Festival Ciné Droit Libre à Ouagadougou. 7 jours à Kigali, lauré !
Pour sa 10ème édition, le festival Ciné Droit Libre a institué la compétition entre les films, pour la première fois, à travers le grand prix Sergio Vieira de Mello, le prix Dakonia et le prix du public. Les films primés dessinent en creux les nouvelles orientations du cinéma documentaire en Afrique.
Le Festival Ciné Droit Libre - Ouagadougou 2014 s'est déroulé à Ouagadougou (Burkina-Faso) du 1er au 7 juin 2014. Cette année, le thème était I Have a Dream (" J'ai un rêve ", en anglais), en référence au célèbre discours de Martin Luther King.
Créé il y a une décennie pour diffuser des films engagés et politiquement incorrects, ce festival reste fidèle à son approche qui consiste à faire suivre chaque film projeté d'un débat public. Une façon de questionner le film, dans ses rapports avec le réel. Ainsi, une quarantaine de films ont été projetés à l'Institut français de Ouagadougou, à l'Université, dans les cités universitaires et au Village du festival.
En effet, ce festival est une des rares plateformes de diffusion des films qui revendiquent leur engagement et qui sont des poils à gratter des pouvoirs publics. Bien que les films de fiction ne soient pas exclus, ce sont les films documentaires qui sont les plus nombreux. C'est certainement l'inclination de ce festival, pour un cinéma d'intervention sociale, qui explique ce fait.

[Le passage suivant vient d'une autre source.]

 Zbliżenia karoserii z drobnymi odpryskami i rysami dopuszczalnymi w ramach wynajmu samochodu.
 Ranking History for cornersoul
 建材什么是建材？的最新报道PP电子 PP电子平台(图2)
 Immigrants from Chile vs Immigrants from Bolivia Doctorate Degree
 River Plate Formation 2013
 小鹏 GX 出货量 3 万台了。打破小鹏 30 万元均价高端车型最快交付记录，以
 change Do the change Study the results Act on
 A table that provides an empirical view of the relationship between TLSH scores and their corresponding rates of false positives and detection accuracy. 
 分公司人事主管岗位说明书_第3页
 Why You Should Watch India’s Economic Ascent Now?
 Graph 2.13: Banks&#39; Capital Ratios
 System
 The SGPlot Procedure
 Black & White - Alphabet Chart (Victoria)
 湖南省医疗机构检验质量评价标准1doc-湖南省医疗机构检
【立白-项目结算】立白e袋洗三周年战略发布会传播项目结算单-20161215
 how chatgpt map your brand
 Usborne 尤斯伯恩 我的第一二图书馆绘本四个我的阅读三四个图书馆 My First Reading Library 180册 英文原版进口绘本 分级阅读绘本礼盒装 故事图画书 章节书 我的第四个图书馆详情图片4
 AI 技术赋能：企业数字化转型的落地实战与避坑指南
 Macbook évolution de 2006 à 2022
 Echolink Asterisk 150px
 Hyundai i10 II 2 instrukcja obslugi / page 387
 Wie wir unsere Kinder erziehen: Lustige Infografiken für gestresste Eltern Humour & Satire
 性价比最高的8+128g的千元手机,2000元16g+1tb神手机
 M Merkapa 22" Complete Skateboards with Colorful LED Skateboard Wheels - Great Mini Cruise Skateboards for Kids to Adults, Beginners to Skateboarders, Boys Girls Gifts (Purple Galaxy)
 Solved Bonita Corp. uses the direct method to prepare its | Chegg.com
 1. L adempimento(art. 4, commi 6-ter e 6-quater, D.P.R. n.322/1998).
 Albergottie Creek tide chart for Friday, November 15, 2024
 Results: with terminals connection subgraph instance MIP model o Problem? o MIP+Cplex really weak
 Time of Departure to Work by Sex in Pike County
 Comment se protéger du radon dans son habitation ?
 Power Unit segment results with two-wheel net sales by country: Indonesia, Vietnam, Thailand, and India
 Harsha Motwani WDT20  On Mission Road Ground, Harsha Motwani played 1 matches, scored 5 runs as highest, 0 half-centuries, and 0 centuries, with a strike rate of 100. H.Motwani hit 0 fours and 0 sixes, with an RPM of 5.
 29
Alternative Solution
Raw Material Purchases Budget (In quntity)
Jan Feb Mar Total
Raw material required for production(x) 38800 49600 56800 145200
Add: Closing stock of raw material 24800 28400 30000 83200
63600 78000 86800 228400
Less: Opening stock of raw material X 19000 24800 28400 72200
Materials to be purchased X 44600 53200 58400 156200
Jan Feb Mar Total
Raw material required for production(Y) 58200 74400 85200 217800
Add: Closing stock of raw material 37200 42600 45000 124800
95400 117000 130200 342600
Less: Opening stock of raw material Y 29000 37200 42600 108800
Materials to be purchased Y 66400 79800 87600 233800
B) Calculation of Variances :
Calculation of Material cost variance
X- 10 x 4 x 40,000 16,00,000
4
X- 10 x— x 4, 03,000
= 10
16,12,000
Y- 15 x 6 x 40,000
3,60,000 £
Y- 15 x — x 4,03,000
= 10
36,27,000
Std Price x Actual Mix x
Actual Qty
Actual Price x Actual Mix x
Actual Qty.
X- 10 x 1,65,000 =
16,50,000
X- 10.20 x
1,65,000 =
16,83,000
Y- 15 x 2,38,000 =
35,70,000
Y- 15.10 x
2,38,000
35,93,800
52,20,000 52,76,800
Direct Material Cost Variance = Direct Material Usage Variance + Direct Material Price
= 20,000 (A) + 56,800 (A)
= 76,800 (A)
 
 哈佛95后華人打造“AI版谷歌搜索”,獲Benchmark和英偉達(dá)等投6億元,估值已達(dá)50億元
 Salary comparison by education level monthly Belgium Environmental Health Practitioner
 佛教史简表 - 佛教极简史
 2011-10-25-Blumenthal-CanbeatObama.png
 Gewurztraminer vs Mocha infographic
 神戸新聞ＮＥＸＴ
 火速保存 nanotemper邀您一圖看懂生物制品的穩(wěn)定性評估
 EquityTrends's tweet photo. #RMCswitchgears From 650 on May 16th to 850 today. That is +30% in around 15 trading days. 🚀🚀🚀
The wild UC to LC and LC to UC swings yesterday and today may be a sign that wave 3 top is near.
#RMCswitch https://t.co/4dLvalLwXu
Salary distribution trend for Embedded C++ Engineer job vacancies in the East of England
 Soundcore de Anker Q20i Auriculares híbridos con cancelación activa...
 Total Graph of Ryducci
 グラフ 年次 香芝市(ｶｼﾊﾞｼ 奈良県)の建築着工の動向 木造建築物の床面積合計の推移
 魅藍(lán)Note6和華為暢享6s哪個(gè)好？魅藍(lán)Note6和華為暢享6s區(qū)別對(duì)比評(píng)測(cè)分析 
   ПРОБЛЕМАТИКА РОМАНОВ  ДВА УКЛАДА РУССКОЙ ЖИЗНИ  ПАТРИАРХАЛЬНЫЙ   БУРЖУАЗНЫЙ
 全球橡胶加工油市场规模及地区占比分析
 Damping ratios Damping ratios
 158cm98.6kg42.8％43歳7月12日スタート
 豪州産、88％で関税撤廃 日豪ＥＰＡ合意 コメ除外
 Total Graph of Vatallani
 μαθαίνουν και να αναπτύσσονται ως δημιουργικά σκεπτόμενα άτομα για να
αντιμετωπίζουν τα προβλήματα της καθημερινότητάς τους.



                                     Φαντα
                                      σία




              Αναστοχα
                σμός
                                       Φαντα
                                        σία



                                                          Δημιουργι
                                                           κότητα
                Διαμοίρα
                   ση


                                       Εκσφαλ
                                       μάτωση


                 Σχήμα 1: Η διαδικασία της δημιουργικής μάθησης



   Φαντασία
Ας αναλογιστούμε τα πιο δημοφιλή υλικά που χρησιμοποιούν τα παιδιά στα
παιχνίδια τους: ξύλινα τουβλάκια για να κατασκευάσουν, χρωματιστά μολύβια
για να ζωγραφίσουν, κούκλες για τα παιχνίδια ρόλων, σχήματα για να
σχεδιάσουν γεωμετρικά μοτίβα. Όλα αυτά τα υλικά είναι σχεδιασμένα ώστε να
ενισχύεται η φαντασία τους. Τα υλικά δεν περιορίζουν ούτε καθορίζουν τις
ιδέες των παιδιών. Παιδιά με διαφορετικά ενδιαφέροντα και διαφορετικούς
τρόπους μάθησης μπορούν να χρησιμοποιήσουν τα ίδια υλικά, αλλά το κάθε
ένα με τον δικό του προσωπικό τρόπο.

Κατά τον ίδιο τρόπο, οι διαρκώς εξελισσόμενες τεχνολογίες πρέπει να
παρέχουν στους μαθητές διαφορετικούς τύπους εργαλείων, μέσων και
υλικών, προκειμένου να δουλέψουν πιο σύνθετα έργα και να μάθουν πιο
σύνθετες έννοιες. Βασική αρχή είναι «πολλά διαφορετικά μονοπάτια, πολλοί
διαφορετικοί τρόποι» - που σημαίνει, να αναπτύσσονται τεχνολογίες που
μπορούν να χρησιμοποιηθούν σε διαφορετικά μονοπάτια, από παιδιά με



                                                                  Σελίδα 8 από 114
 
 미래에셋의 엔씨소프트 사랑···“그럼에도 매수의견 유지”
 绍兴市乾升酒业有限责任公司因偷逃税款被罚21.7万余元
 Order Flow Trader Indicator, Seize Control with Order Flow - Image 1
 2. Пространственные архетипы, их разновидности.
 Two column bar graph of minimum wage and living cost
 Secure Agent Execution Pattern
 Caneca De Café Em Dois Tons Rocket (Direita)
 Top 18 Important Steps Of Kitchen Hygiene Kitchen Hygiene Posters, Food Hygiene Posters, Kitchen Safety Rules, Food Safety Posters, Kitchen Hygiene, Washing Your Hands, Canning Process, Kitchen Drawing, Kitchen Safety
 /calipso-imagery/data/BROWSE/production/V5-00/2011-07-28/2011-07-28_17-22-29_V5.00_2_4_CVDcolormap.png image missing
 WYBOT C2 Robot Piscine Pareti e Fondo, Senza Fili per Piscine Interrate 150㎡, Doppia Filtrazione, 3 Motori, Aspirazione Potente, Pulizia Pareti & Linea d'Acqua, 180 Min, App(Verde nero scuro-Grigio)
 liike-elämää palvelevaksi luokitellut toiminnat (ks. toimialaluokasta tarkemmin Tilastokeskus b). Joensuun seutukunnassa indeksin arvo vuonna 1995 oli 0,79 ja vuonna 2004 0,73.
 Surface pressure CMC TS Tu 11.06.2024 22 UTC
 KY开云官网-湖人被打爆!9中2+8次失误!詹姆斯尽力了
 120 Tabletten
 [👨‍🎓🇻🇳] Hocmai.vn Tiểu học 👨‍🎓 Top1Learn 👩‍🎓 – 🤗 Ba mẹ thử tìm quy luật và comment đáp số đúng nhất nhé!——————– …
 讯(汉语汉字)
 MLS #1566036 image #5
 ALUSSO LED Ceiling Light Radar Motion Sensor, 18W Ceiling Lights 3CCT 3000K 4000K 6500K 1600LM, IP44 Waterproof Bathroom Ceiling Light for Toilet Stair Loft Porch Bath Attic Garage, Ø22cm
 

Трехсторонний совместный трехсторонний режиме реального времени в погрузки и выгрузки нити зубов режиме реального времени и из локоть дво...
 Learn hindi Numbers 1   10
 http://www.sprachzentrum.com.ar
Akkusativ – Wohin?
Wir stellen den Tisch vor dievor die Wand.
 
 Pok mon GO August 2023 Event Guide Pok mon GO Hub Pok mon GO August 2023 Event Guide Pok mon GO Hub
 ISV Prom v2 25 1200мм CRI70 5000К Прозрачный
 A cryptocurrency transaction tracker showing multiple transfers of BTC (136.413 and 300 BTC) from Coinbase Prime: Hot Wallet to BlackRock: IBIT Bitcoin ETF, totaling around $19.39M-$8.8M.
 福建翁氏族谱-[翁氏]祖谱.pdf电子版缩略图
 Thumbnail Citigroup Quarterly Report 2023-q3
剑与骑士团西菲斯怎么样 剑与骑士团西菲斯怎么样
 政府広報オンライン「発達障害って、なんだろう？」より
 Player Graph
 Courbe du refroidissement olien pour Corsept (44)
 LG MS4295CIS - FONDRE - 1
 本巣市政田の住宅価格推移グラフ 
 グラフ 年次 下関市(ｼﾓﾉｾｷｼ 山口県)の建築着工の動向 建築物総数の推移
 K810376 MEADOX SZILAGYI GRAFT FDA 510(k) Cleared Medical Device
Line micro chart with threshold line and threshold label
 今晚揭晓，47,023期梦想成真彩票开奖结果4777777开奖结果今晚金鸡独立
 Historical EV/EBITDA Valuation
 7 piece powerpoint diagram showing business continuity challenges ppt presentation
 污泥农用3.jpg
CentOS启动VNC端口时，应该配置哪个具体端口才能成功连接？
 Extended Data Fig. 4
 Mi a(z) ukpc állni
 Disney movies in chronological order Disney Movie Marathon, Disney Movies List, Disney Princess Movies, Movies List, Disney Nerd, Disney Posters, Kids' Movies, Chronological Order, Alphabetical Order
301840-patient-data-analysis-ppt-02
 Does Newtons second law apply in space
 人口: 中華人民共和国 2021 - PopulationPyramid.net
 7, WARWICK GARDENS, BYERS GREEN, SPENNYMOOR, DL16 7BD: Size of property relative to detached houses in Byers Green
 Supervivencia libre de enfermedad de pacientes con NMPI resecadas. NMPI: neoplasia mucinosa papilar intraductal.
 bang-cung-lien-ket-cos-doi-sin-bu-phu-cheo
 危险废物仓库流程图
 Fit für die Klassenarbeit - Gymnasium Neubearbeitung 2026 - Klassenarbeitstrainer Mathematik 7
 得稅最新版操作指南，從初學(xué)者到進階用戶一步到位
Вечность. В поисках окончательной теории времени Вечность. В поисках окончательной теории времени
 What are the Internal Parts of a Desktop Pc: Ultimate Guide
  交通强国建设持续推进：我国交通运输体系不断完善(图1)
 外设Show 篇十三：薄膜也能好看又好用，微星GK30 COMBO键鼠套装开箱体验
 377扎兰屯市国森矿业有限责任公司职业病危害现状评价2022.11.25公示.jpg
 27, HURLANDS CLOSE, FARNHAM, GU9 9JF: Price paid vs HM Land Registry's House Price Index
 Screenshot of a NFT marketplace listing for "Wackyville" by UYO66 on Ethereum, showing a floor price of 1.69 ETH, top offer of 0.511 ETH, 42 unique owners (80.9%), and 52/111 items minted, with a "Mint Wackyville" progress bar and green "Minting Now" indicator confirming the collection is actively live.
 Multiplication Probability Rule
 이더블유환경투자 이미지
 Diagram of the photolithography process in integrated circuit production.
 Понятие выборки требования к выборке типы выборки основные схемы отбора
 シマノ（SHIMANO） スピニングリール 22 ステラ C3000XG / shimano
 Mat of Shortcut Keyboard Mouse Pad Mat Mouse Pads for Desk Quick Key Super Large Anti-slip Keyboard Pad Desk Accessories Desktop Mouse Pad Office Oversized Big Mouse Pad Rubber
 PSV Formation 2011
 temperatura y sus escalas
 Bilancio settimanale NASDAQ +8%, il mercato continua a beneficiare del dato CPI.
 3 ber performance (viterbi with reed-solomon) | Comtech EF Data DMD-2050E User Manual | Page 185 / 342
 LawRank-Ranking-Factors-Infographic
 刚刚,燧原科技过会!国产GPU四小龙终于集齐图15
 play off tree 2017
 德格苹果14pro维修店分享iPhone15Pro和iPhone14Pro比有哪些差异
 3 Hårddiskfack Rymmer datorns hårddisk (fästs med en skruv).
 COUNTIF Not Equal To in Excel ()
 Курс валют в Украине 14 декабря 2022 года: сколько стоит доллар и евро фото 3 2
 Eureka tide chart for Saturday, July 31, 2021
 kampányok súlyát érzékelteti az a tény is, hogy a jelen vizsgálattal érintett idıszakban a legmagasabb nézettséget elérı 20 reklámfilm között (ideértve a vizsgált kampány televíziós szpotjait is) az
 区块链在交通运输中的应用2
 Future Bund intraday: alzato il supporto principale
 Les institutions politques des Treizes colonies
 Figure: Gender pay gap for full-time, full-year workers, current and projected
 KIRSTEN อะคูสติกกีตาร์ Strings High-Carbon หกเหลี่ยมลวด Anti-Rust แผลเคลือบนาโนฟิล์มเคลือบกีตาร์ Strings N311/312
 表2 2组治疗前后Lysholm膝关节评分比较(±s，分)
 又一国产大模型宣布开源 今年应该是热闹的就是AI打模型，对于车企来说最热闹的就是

Mais après dix ans d'existence, le festival en instaurant des prix pour les meilleurs films a voulu primer des œuvres cinématographiques dont les sujets sont d'importance pour le changement social mais surtout dont la qualité esthétique est indéniable. Si pendant longtemps, on a réduit le film documentaire à son sujet, occultant du même coup ses qualités formelles, de plus en plus la frontière entre le documentaire et la fiction se fait moins étanche et des documentaires passent dans les salles avec un certain succès. C'est donc cette montée de la créativité dans le cinéma documentaire que le festival veut encourager.
La sélection 2014 était de bonne qualité. Les films abordaient les questions de droits de l'homme tout en restant des films, c'est-à-dire d'abord une mise en forme du monde à travers les images. En d'autres termes, la préoccupation artistique a le primat sur l'urgence de discours militant.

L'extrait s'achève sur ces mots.